*** Information supplied Section Begins ***

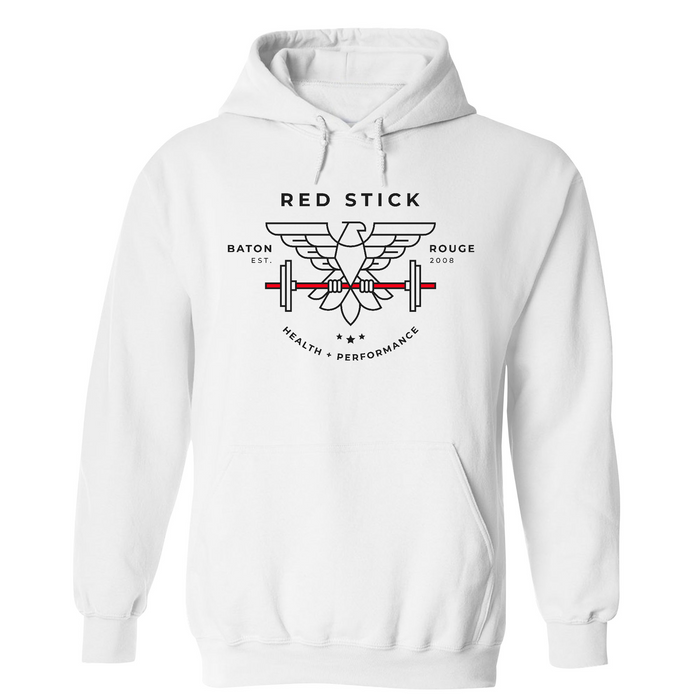 Mens Small White Style_Hoodie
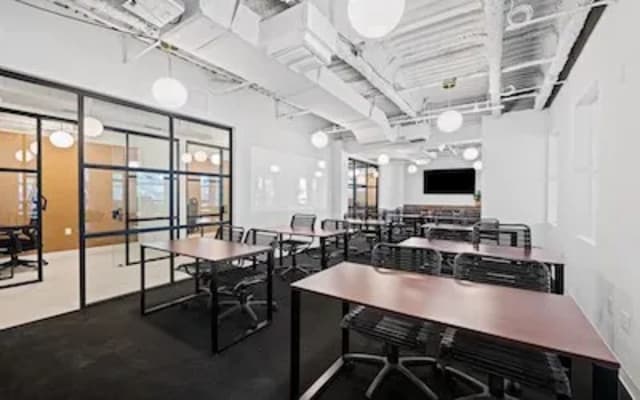 Training Room at General Provision Work Club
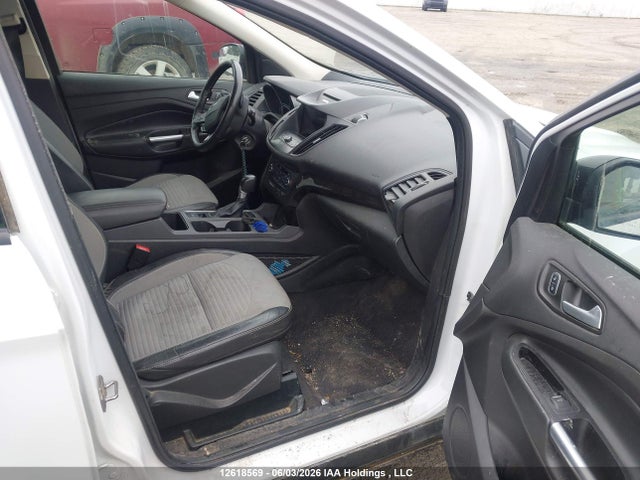 2017 Ford Escape Se მანქანა იყიდება აუქციონზე, vin: 1FMCU9G98HUE80413, აუქციონის ნომერი: 12618569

*** Information supplied Section Ends ***

■ The task ■
Emit the lines of the data above from the one containing "Training Room at General Provision Work Club" through its final line, both endpoints included. Pictures do not belong in the output.

■ Solution below ■
 Training Room at General Provision Work Club
 2017 Ford Escape Se მანქანა იყიდება აუქციონზე, vin: 1FMCU9G98HUE80413, აუქციონის ნომერი: 12618569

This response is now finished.